*Short descriptive text snippets*
--------------------

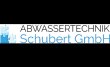 abwassertechnik-schubert-gmbh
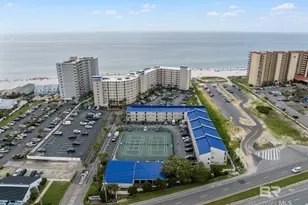 24522 Perdido Beach Blvd, Orange Beach, AL 36561 - Photo 37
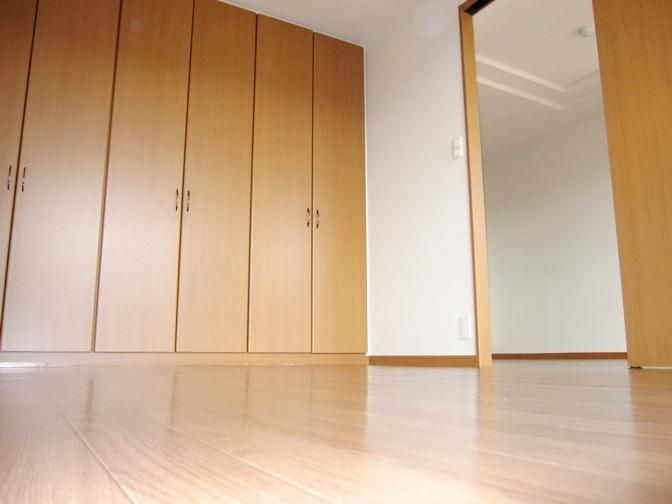 �y�Q���z�@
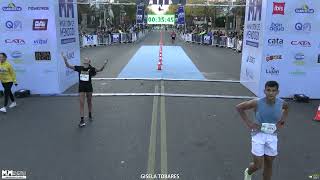 2025Mim0059 Gisela Tobares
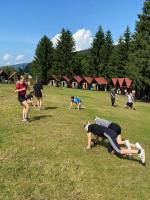 216524193_537868420696222_2855634574459998160_n (1).jpg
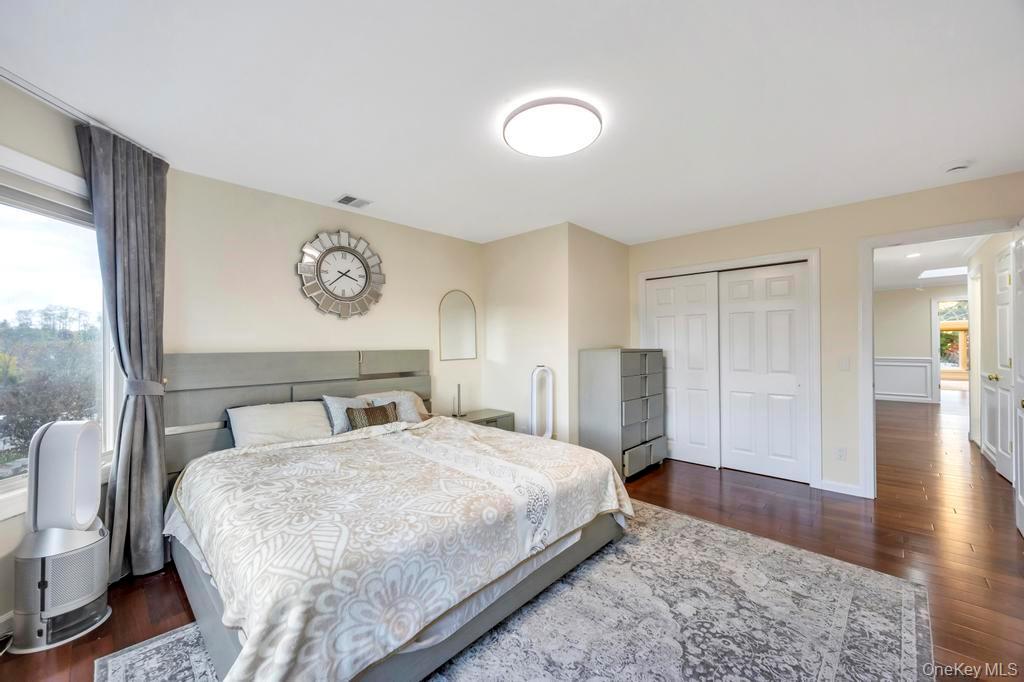 2 Old Bridge Court – For Sale photo 30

--------------------

*WHAT YOU NEED TO DO*
For the data above, return an exact copy that contains no pictures.

*ANSWER FOR THE TASK*
 abwassertechnik-schubert-gmbh
 24522 Perdido Beach Blvd, Orange Beach, AL 36561 - Photo 37
 �y�Q���z�@
 2025Mim0059 Gisela Tobares
 216524193_537868420696222_2855634574459998160_n (1).jpg
 2 Old Bridge Court – For Sale photo 30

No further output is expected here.